I already have this capability. Identifying appropriate data sources to build up an effective model is challenging. I use the data from GTER(Ji-Tuo TianXia) platform as the primary data source, which are data collected expressly for research purposes to address a specific problem or hypothesis. This platform owns more than one million members, who are mostly prospective university students from Mainland China and volunteer to share their offer/admission information online.

Secondary data refer to data that was collected for other purposes and are being used secondarily to answer some of the research questions. I can use secondary data to test the model's effective performance and this data helps me to determine if my primary data is biased. Course 532 helps me to characterize each type of data through pattern extraction and similarity measures.

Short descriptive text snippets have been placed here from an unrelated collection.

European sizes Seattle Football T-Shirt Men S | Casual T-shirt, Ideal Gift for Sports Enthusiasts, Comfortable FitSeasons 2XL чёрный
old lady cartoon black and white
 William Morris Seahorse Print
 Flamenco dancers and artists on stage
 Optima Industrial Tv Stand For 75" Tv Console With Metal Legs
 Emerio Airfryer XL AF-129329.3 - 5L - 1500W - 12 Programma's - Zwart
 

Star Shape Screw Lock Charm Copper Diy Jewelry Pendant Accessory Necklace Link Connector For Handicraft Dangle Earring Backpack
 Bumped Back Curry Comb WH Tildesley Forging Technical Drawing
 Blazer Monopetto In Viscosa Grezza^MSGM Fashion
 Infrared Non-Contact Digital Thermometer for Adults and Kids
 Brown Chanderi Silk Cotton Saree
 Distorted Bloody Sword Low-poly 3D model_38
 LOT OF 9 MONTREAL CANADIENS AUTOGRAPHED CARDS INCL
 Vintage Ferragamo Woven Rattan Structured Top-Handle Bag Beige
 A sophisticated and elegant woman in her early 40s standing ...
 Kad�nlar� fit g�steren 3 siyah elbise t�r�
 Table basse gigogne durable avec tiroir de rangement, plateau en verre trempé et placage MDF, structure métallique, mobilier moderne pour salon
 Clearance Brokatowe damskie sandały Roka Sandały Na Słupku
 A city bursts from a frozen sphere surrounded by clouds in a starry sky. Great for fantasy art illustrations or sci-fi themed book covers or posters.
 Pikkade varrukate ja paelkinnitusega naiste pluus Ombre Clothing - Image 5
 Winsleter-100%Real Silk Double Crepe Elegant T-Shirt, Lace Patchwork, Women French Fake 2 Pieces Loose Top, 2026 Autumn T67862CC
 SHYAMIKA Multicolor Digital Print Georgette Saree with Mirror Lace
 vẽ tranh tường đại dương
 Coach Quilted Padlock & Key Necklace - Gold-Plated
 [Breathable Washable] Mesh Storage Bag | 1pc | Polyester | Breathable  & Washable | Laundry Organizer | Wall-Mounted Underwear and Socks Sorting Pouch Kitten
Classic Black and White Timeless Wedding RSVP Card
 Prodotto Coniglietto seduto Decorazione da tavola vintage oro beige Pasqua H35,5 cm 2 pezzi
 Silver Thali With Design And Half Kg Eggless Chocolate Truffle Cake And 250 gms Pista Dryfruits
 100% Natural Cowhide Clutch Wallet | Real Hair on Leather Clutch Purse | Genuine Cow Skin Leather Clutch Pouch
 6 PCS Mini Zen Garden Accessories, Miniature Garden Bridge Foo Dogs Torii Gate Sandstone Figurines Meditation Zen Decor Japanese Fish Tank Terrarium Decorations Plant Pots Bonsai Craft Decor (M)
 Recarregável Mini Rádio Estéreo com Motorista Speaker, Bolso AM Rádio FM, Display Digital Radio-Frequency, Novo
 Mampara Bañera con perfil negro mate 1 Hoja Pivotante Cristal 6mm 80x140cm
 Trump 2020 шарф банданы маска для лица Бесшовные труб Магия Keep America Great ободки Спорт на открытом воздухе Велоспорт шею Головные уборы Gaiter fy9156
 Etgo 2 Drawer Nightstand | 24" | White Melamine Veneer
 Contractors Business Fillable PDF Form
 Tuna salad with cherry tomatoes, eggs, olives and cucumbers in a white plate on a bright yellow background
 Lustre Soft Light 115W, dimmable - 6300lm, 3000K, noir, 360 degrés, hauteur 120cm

  1. how to understand and document data sets

I already have this capability. I store raw data once I have it as a backup. During any stage of data science, I script my analyses and record all intermediate results to make my model rerunnable and trackable. If the dataset is maintained in a version control system, I use a markdown file. I use the built-in database metadata features and software tools to create a data dictionary if the dataset is maintained as a database. Course 503 will provide me a systemic and comprehensive knowledge of data privacy, provenance, and accountability, which means, in the data science field, there are policies and regulations about how to understand datasets and to store (or document) them safely.

  1. how to write queries and scripts that acquire and assemble data

I look forward to strengthening this capability. I will make notes or scripts during coding and record all intermediate results, which makes it easier to identify questionable analysis when wrong. Course 511 will assist me to increase my skills to write queries and scripts. I will improve it with plenty of exercises and practices during the study.

  1. how to clean data sets and extract features

I already have this capability. During the data cleaning, we are losing some possible features, so we need feature extraction before starting cleaning the data. For example, in some cases, we need to pay attention to numerical characters because those characters, presenting in the reviews, can be useful. Besides that, we need to determine the number of uppercase words or sentences because when people are angry or frustrated, they usually express their emotions by writing in UPPERCASE. During cleaning, I make all text lower case, removing punctuation, stop words, emojis, URLs, and HTML tags, and correct spellings. Course 505 trained me a lot on how to clean and manipulate data in different methods.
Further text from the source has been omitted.